ENTRIES SHOWN START

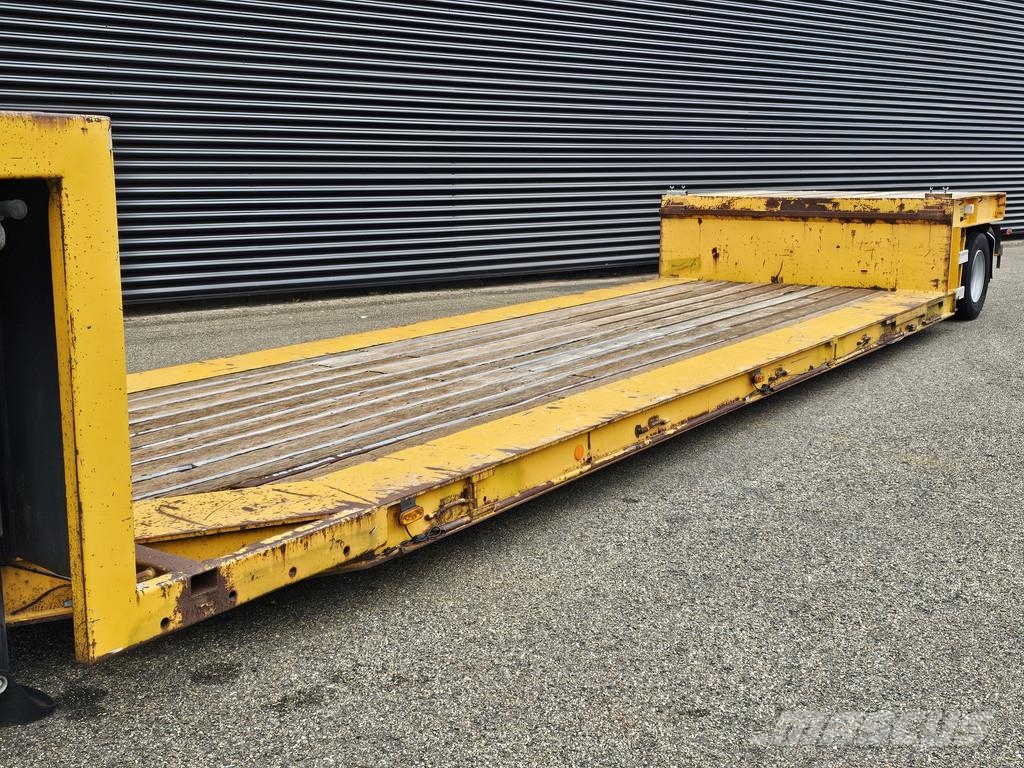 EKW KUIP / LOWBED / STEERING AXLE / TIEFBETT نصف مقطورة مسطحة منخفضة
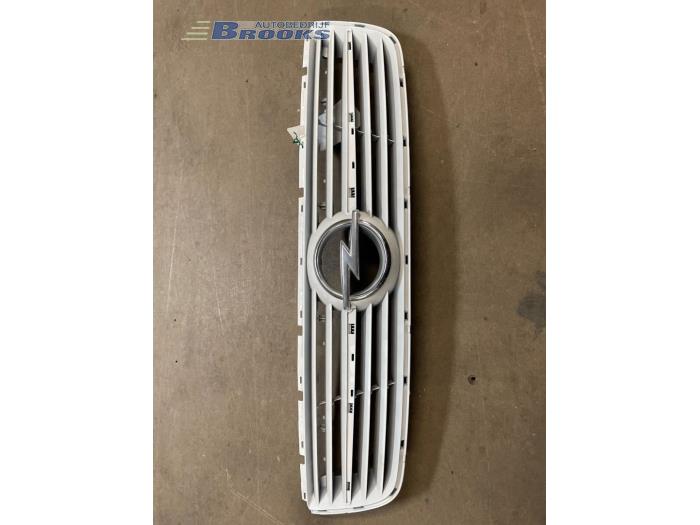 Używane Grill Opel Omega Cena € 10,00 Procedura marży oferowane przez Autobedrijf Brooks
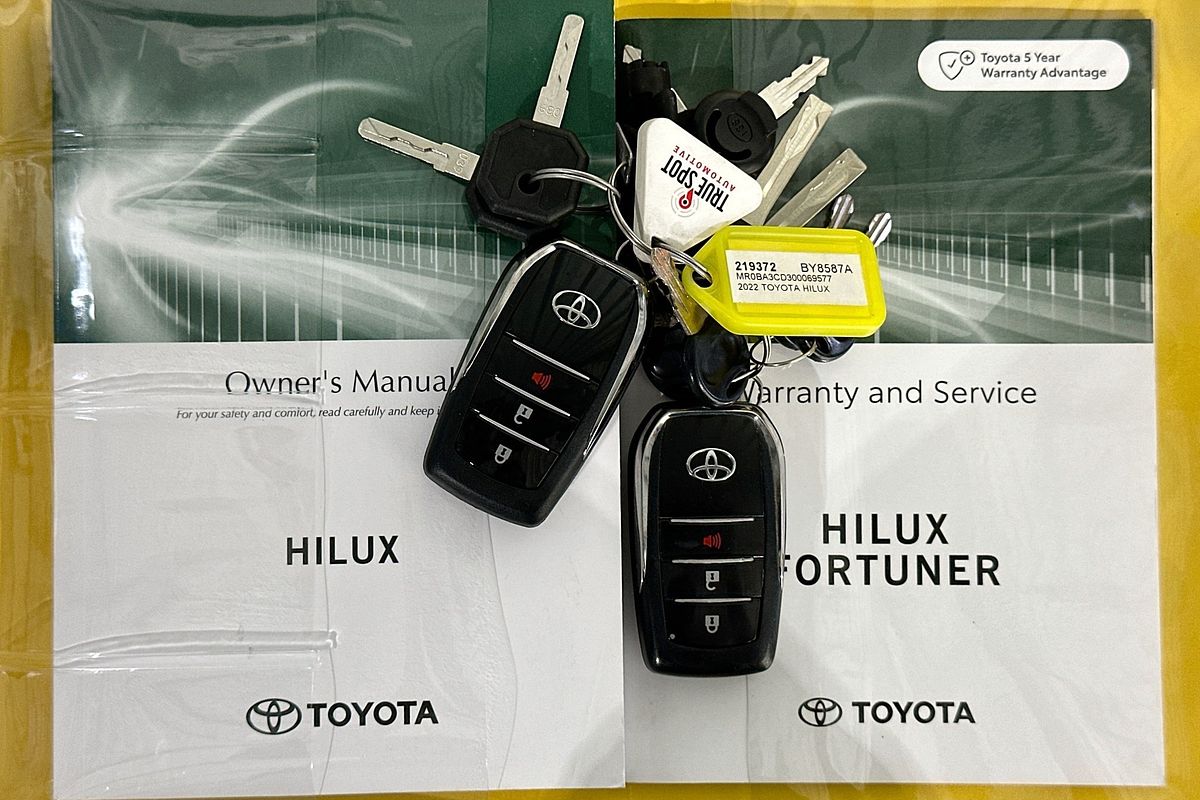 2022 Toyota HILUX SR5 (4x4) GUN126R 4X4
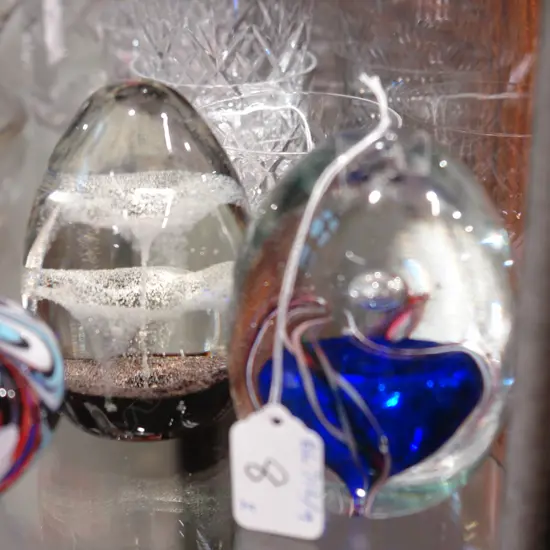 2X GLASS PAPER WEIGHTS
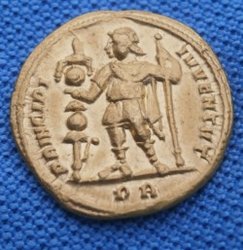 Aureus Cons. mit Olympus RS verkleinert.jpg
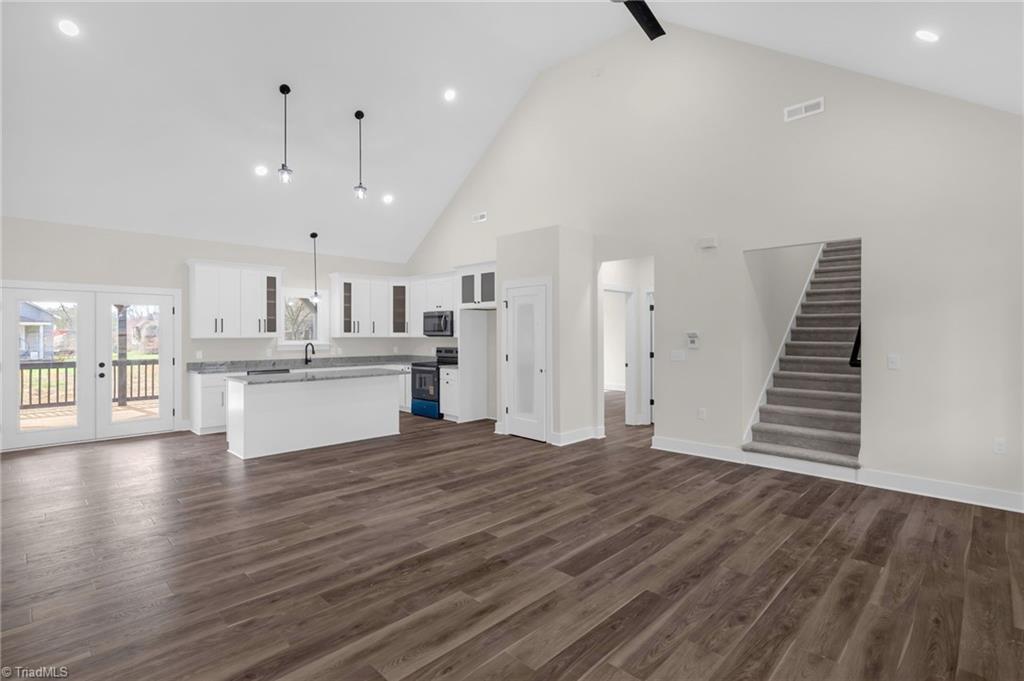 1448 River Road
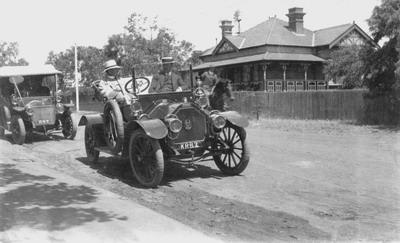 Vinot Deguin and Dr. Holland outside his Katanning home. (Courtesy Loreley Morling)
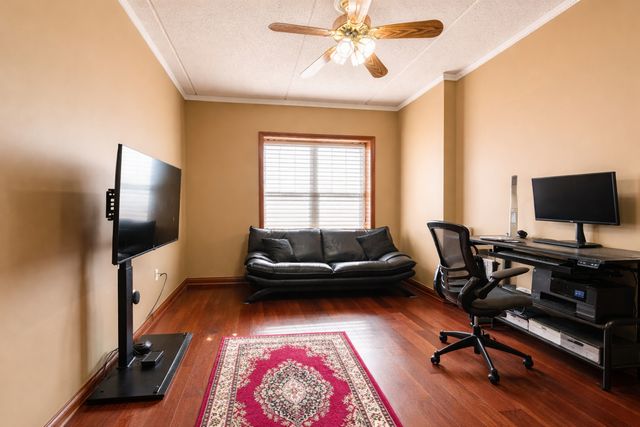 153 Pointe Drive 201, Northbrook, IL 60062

ENTRIES SHOWN END
ENTRIES SHOWN START

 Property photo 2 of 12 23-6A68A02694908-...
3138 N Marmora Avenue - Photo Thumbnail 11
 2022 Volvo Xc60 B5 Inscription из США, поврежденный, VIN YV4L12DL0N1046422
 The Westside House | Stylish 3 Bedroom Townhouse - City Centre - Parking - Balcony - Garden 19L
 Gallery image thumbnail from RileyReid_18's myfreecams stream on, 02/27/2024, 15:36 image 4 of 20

ENTRIES SHOWN END

* [ABOUT THIS TASK] Write out again exactly the lines above from the one with "Aureus Cons. mit Olympus RS verkleinert.jpg" through the one with "153 Pointe Drive 201, Northbrook, IL 60062", adding no other lines and no pictures.

* [OUTPUT BELOW]
 Aureus Cons. mit Olympus RS verkleinert.jpg
 1448 River Road
 Vinot Deguin and Dr. Holland outside his Katanning home. (Courtesy Loreley Morling)
 153 Pointe Drive 201, Northbrook, IL 60062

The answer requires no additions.